Ali Kassem is a Lecturer in Sociology at the National University of Singapore, Singapore. Ali was previously a postdoctoral research fellow at the Institute for Advanced Studies and the Al-Waleed Centre at the University of Edinburgh where he also taught at the School of Social and Political Science. Prior to that, he was a postdoctoral research fellow with the Arab Council for the Social Sciences and the Carnegie Corporation of New York affiliated to the Beirut Urban Lab at the American University of Beirut. He obtained his PhD in Sociology from the University of Sussex, UK, where he taught between 2018 and 2021. He has held research and/or teaching positions at the Finnish Institute for Middle East Studies, the Ludwig-Maximillian University in Munich, the Ecole Des Hautes Etudes en Sciences Sociales (EHESS) in Paris, the American University of Beirut, the Lebanese American University, the Free University of Brighton, and others. 

Ghina Abi-Ghannam is a PhD candidate in Critical Social Psychology at the Graduate Center, City University of New York. She holds an MA in Psychology, with an emphasis on Social/Political Psychology, from the American University of Beirut. Broadly, her research includes the study of resistance, (de)colonial violence, and the political psychology of social movements in the Global South. 
 
Zina Sawaf is Assistant Professor of Interdisciplinary Gender Studies at the Lebanese American University. A social anthropologist, she has written and published on ethnographic practice in the Arab region, divorce and the state in Saudi Arabia and the history of anthropology in Lebanon.  Her book project, Encountering the State: Women and Intimate Lives in Riyadh, Saudi Arabia, based on long-term ethnographic fieldwork in the Arabian Peninsula, is a study of embodied encounters between women and the processes, offices, and officials of the state, as well as its material culture.
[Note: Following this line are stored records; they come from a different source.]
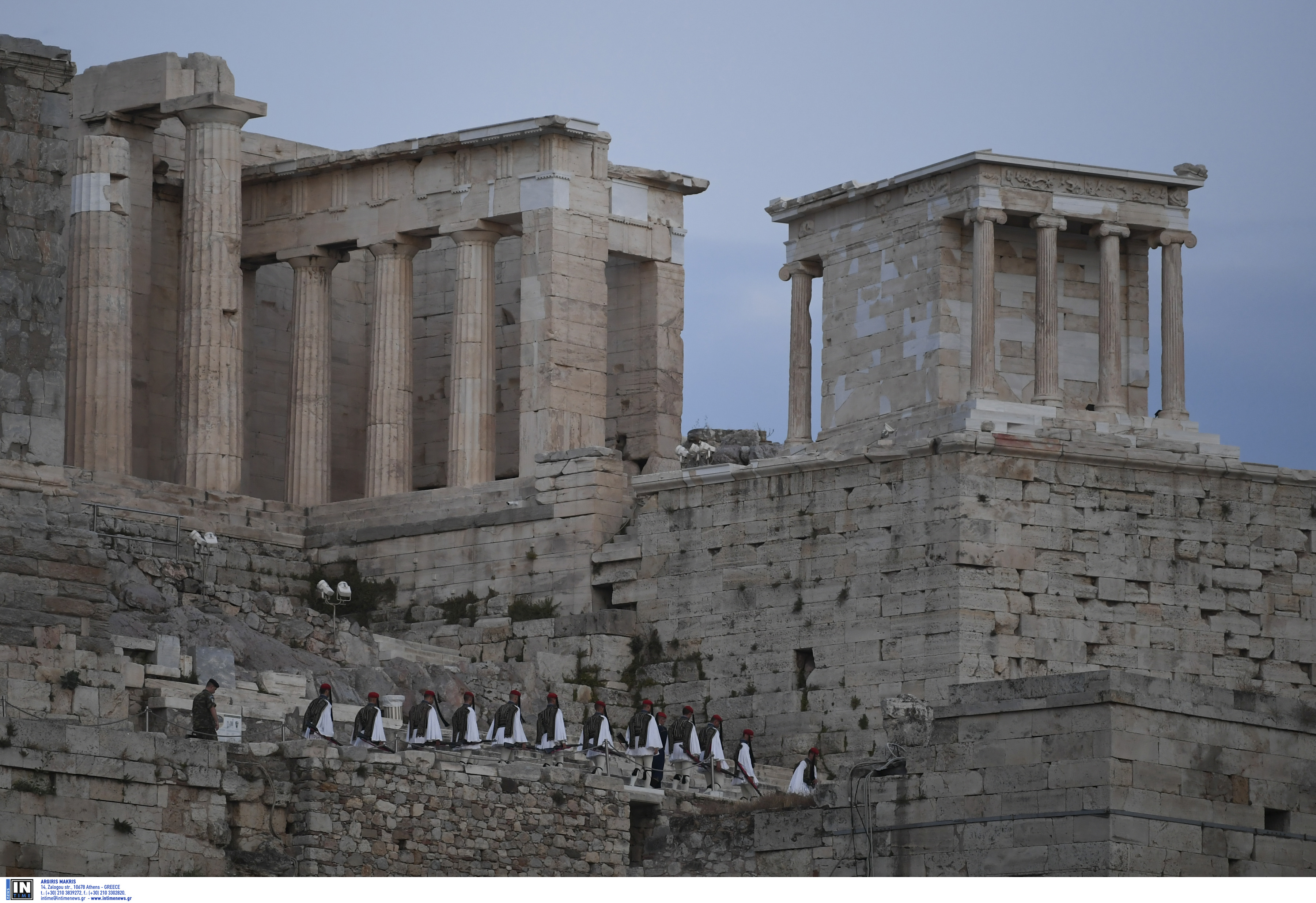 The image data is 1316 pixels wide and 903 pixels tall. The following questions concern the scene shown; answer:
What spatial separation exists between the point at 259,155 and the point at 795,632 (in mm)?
17722

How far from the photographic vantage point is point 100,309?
5822 cm

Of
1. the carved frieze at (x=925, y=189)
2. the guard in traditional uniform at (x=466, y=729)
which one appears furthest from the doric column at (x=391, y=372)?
the guard in traditional uniform at (x=466, y=729)

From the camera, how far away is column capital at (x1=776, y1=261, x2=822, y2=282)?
56.7 m

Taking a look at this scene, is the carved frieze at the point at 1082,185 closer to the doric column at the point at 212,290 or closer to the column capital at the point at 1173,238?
the column capital at the point at 1173,238

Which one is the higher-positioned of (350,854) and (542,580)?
(542,580)

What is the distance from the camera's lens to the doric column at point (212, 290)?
192 feet

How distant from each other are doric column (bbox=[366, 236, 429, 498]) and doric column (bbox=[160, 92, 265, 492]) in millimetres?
2271

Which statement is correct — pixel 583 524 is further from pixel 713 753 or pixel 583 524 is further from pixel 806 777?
pixel 806 777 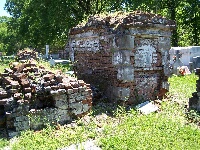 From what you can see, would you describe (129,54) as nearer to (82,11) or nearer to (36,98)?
(36,98)

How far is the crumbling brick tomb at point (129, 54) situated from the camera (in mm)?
8148

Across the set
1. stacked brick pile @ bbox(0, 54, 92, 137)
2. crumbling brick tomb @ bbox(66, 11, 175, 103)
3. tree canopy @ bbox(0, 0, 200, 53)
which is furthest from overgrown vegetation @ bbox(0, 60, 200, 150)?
tree canopy @ bbox(0, 0, 200, 53)

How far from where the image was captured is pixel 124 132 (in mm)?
5879

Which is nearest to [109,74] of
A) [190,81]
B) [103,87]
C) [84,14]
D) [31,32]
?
[103,87]

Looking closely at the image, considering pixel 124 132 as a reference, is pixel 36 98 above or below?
above

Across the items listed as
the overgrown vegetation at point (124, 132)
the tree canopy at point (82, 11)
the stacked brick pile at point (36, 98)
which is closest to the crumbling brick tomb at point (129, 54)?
the overgrown vegetation at point (124, 132)

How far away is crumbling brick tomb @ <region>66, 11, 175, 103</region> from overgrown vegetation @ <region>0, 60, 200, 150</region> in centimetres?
102

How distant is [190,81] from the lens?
12883 millimetres

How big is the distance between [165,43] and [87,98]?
330 cm

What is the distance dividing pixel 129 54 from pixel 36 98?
303 cm

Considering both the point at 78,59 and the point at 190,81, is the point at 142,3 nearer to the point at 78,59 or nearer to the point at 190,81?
the point at 190,81

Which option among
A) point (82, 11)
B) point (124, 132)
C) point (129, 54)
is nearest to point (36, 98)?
point (124, 132)

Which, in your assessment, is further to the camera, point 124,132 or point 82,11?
point 82,11

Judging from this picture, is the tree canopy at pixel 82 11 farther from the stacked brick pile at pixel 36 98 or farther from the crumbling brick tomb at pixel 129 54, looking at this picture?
the stacked brick pile at pixel 36 98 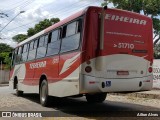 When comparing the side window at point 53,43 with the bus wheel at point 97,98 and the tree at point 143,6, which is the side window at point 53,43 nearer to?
the bus wheel at point 97,98

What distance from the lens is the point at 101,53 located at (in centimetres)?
1009

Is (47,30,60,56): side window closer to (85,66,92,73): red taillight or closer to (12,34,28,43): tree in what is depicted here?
(85,66,92,73): red taillight

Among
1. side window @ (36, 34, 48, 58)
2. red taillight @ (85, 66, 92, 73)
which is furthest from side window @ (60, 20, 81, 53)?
side window @ (36, 34, 48, 58)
Nada Moumtaz is Associate Professor in the Department for the Study of Religion and the Department of Near and Middle Eastern Civilizations at the University of Toronto. She received her PhD in Cultural Anthropology from the Graduate Center of the City University of New York. Her research interests center on capitalism, Islam, charity, the urban, law, and span the nineteenth and twenty-first centuries in the Levant. Her book God’s Property: Islam, Charity, and the Modern State examines the contemporary Islamic revival of waqfs in Beirut to shed new light on the secularization of religion through the lens of its separation from “the economy.” She is embarking on a new project to examine practices of elderly care among Sunni Muslims in Beirut.

Mona Harb is a Professor of Urban Studies and Politics at the American University of Beirut where she is also Co-founder and Research Lead at the Beirut Urban Lab. Her research investigates governance and territoriality in contexts of contested sovereignty; urban activism and oppositional politics and how people make collective life in fragmented cities. She is the author of Le Hezbollah à Beirut: de la banlieue à la ville, co-author of Leisurely Islam: Negotiating Geography and Morality in Shi’i South Beirut (with Lara Deeb), co-editor of Local Governments and Public Goods: Assessing Decentralization in the Arab World (with Sami Atallah), and co-editor of Refugees as City-Makers (with Mona Fawaz et al.). She serves on the editorial boards of MELG, IJMES, EPC, and CSSAME.